Data items:
BEGIN

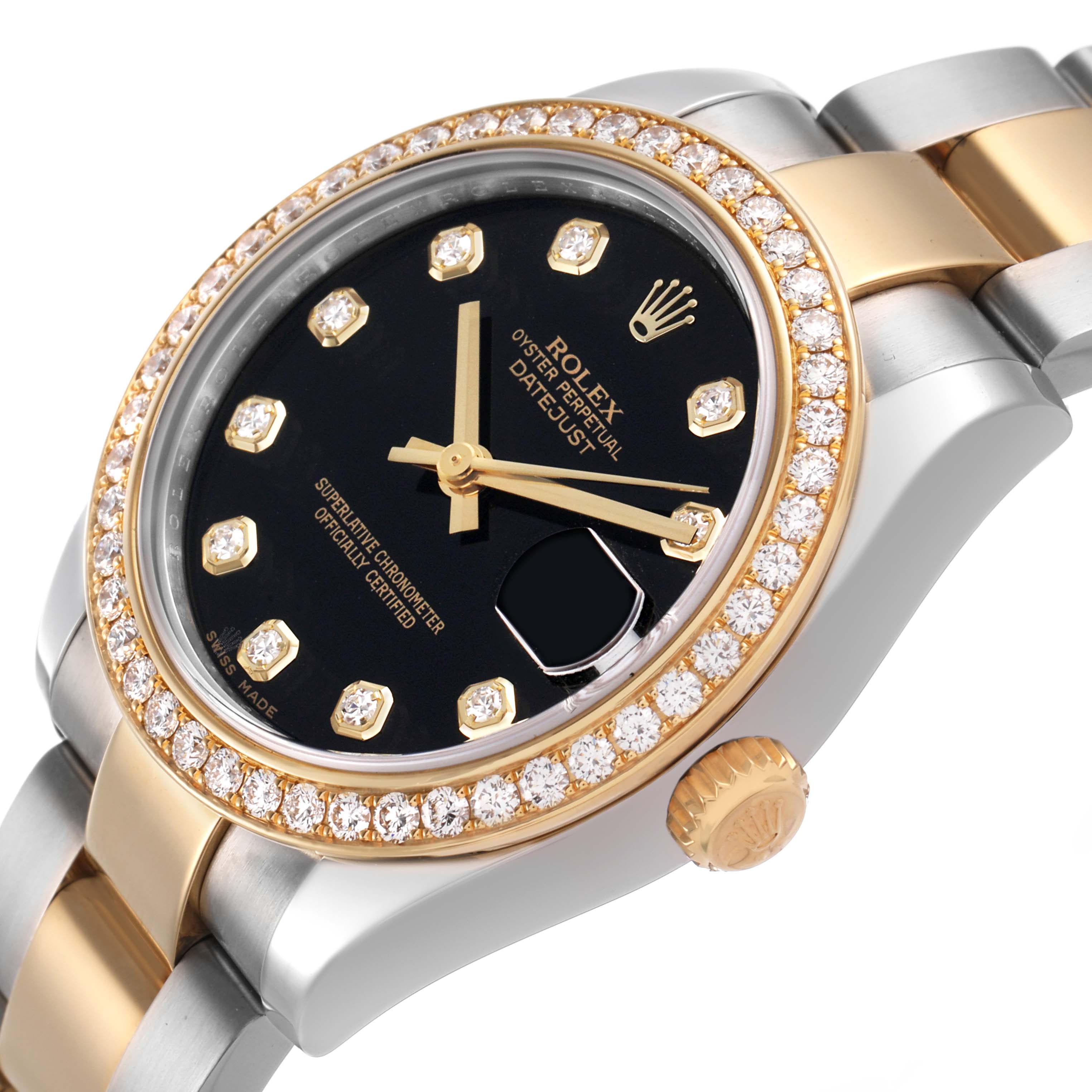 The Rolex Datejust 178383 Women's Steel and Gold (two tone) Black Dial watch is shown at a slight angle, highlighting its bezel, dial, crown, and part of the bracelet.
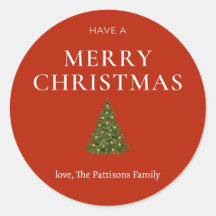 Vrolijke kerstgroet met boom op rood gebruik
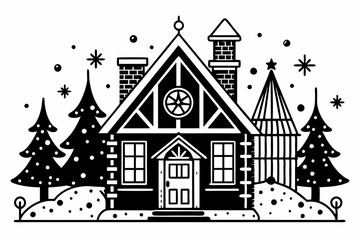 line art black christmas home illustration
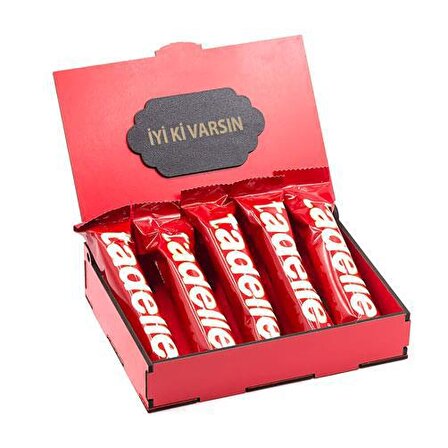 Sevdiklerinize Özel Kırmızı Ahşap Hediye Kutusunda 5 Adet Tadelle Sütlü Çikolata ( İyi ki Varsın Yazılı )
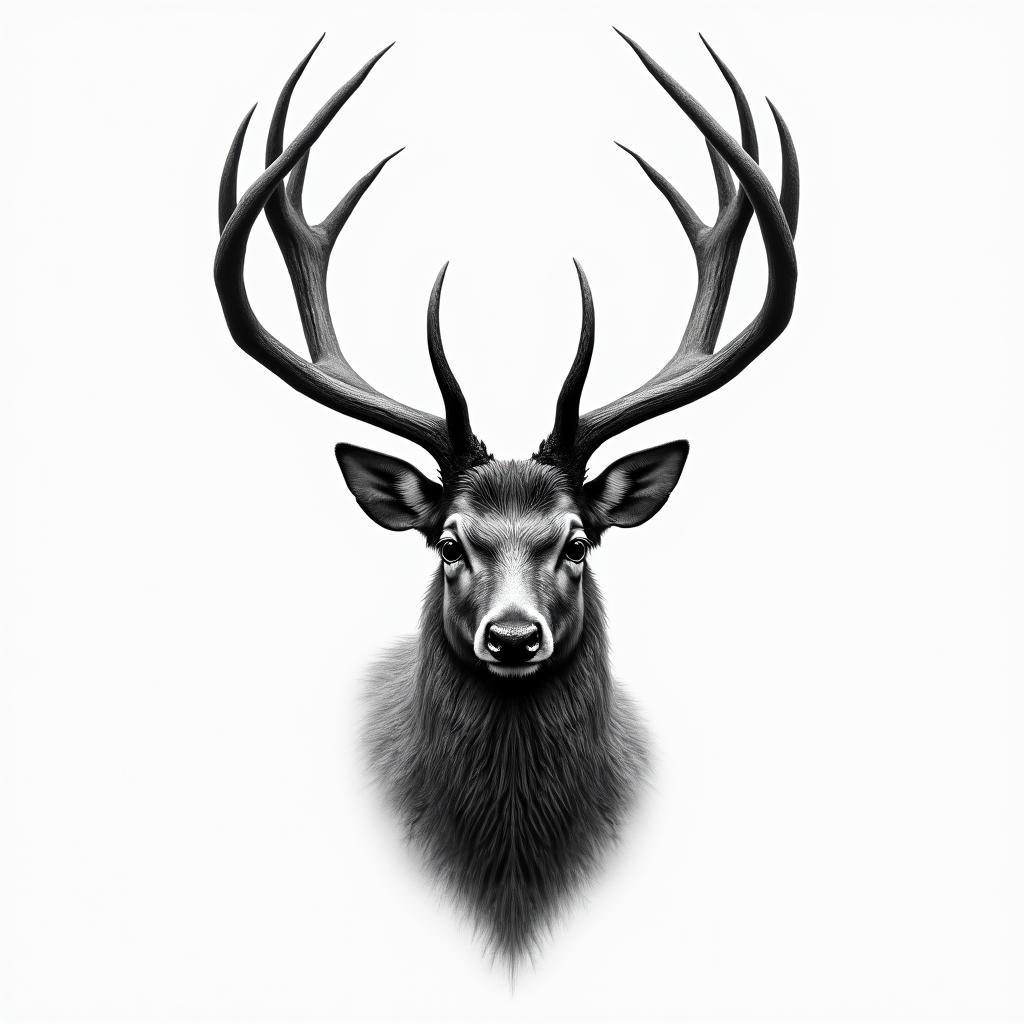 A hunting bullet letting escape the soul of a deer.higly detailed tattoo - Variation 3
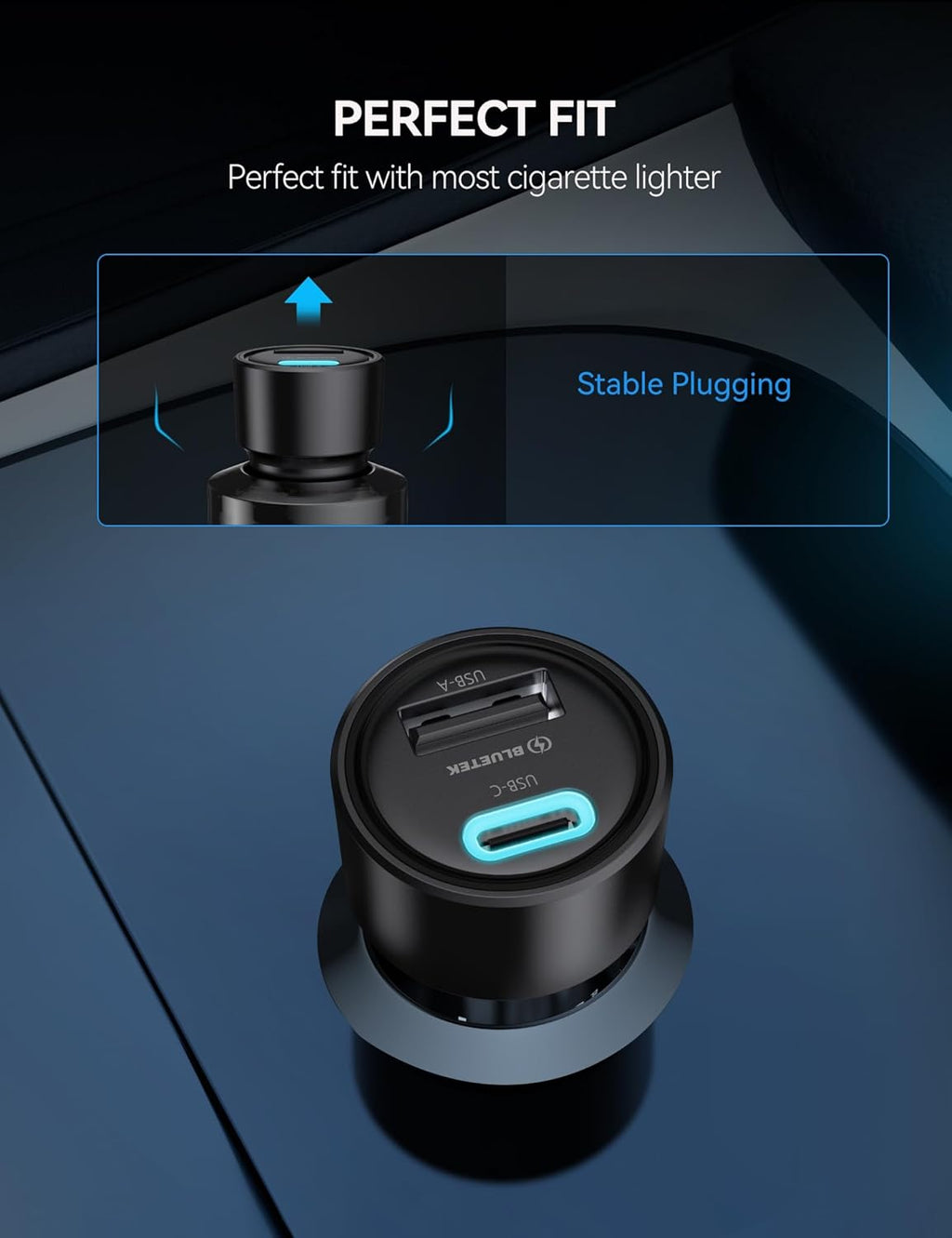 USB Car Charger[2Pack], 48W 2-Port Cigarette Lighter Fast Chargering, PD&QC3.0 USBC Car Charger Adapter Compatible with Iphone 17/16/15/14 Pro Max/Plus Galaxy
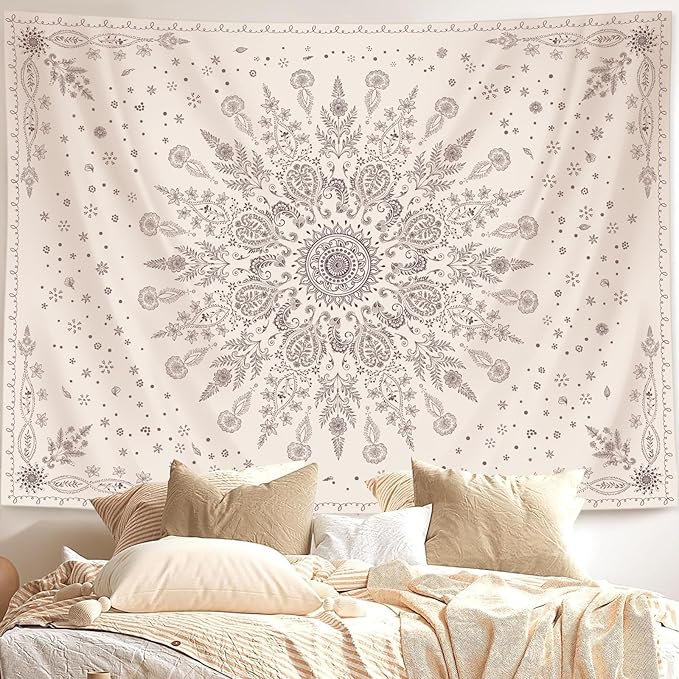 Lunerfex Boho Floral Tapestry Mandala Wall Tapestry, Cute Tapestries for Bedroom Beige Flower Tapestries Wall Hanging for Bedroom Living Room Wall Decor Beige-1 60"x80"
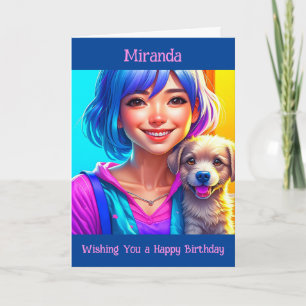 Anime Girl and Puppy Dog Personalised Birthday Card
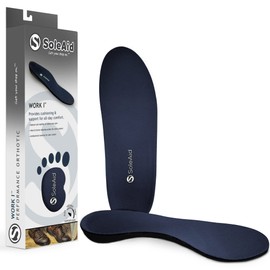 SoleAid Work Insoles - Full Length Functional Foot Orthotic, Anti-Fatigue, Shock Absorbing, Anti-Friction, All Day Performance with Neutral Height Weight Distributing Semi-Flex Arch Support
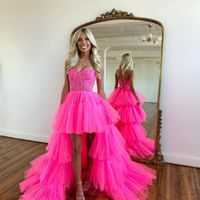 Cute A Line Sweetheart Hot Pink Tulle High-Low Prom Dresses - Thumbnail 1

END

● WHAT THE EXERCISE ASKS
Each line from the first line of the records through the line containing "Anime Girl and" must be reproduced exactly, with both ends included and all pictures omitted; nothing else belongs in the answer.

● YOUR SOLUTION
 The Rolex Datejust 178383 Women's Steel and Gold (two tone) Black Dial watch is shown at a slight angle, highlighting its bezel, dial, crown, and part of the bracelet.
 Vrolijke kerstgroet met boom op rood gebruik
 line art black christmas home illustration
 Sevdiklerinize Özel Kırmızı Ahşap Hediye Kutusunda 5 Adet Tadelle Sütlü Çikolata ( İyi ki Varsın Yazılı )
 A hunting bullet letting escape the soul of a deer.higly detailed tattoo - Variation 3
 USB Car Charger[2Pack], 48W 2-Port Cigarette Lighter Fast Chargering, PD&QC3.0 USBC Car Charger Adapter Compatible with Iphone 17/16/15/14 Pro Max/Plus Galaxy
 Lunerfex Boho Floral Tapestry Mandala Wall Tapestry, Cute Tapestries for Bedroom Beige Flower Tapestries Wall Hanging for Bedroom Living Room Wall Decor Beige-1 60"x80"
 Anime Girl and Puppy Dog Personalised Birthday Card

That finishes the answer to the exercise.